The grotesquely ugly (but very successful!) Budweiser Stage built in 1995 on the site of Eb Zeidler’s demolished but still much missed Forum (that was also extremely successful) is the only part of Ontario Place that’s protected. (Paradoxically, by a lease with Live Nation, an affiliate of Labatt’s Brewery, that seems to warrant more Provincial Government respect than the lease that protects the Beer Store).

The Ontario Place Call For Development acknowledges that it cannot flourish year-round without public transit superior to what is there at present. It currently requires a long, bleak walk over a parking lot desert to the bridge to Ontario Place. If the Ontario Line is built – for an estimated cost of $10.9b – it would go through the city, connecting the south-centre of Exhibition Place to the Ontario Science Centre.

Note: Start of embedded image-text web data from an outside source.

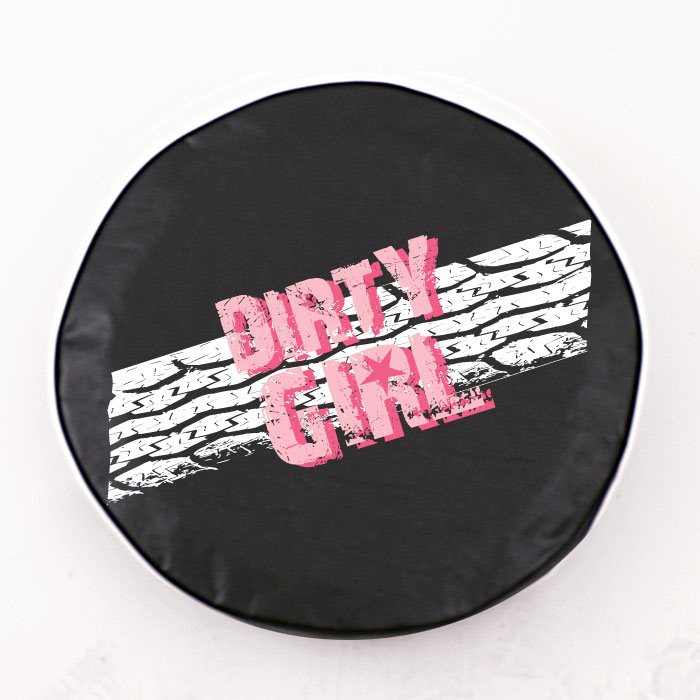 Dirty jeep girl #4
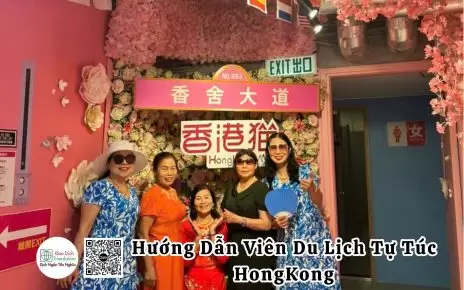 huong dan vien du lich tu tuc hong kong online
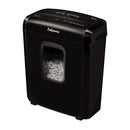 Fellowes Powershred 6M destruidora de papel Trituração micro-cort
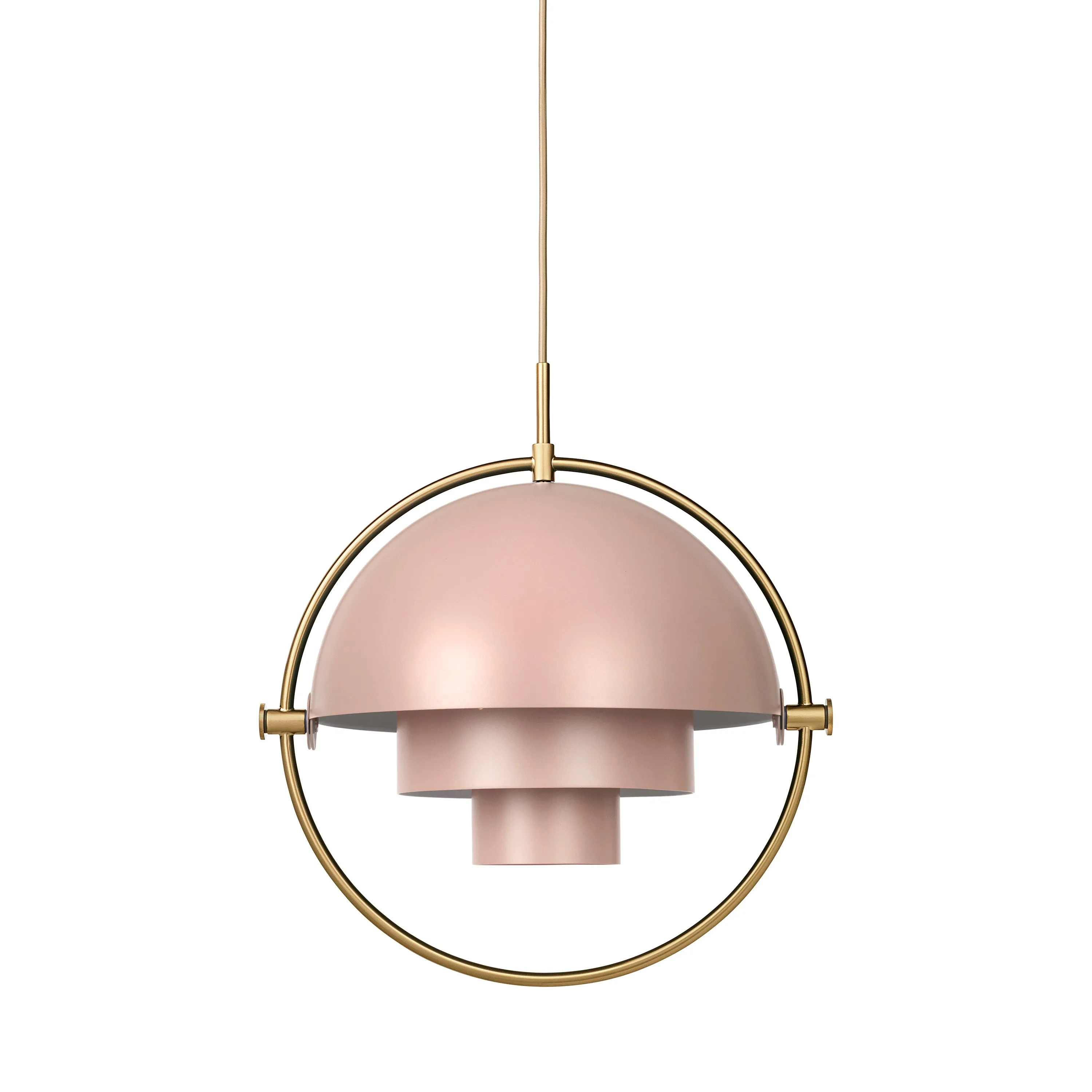 Multi-Lite Pendant Light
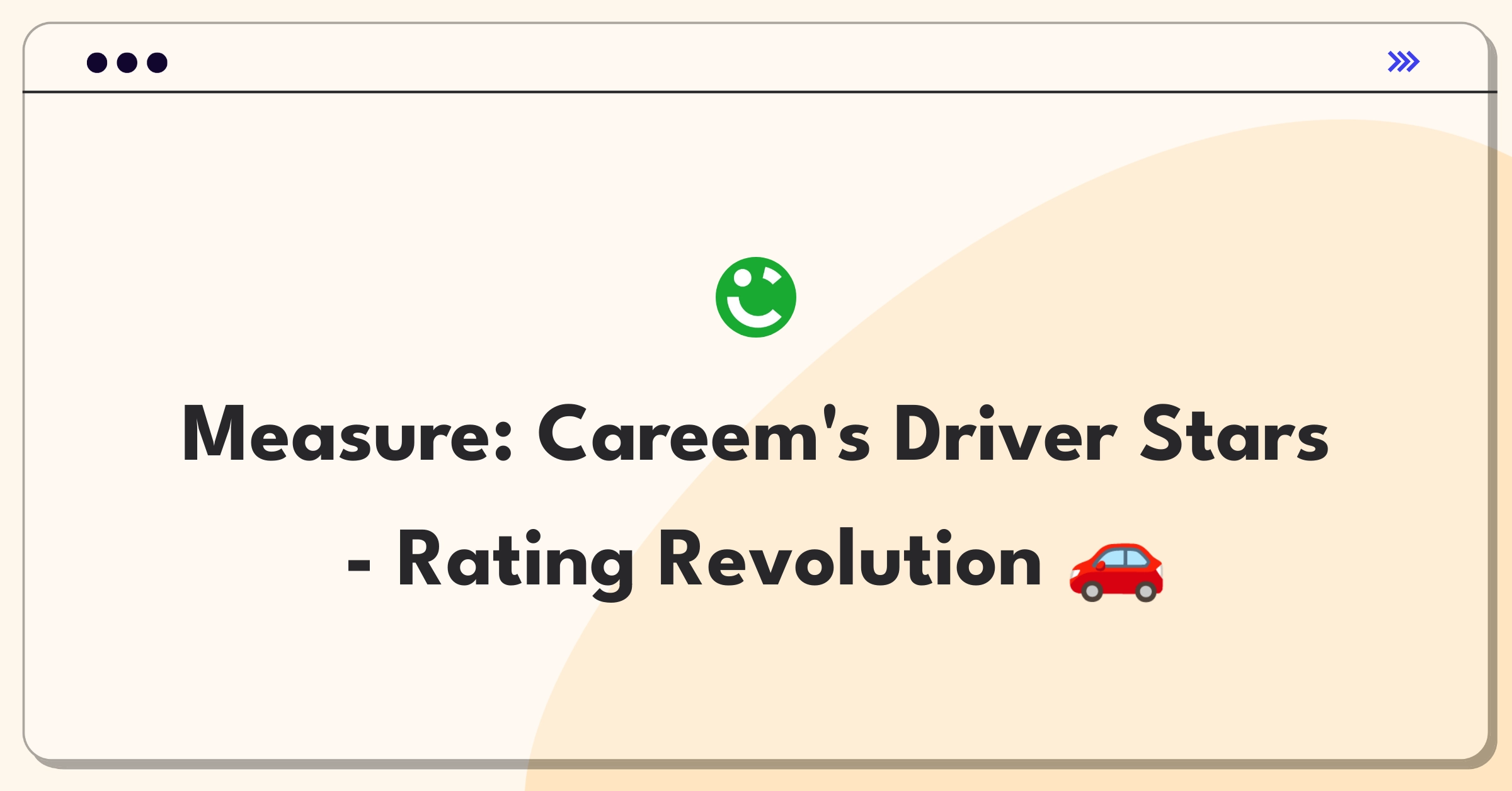 Product Management Analytics Question: Evaluating driver rating metrics for ride-hailing service quality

But will the Ontario Line be built if year-round ridership to and from Ontario Place and Exhibition Place cannot justify such a colossal investment? 

Not acknowledged in the Call for Development is something agreed to by all who have thought about its future: Ontario Place cannot be improved without parallel improvement of Exhibition Place. 

But the strangest paradox in the Call for Development must be this: “Residential development will not be permitted on the site.”

Why does this reflexive prohibition against residence persist, when the desire of all who would revitalize Ontario Place or rebuild it, is to make Ontario Place alive and active year-round

Will the “entertainment, sports, commercial, recreation and/or leisure attractions” suggested in the Call for Development provide sufficient riders for the Ontario Line, 365 days a year, if no one is allowed to live there and create businesses near its Exhibition Place/Ontario Place terminus? (Note: near not on the Ontario Place site.)

The idea of Residence near Ontario Place has not always been taboo.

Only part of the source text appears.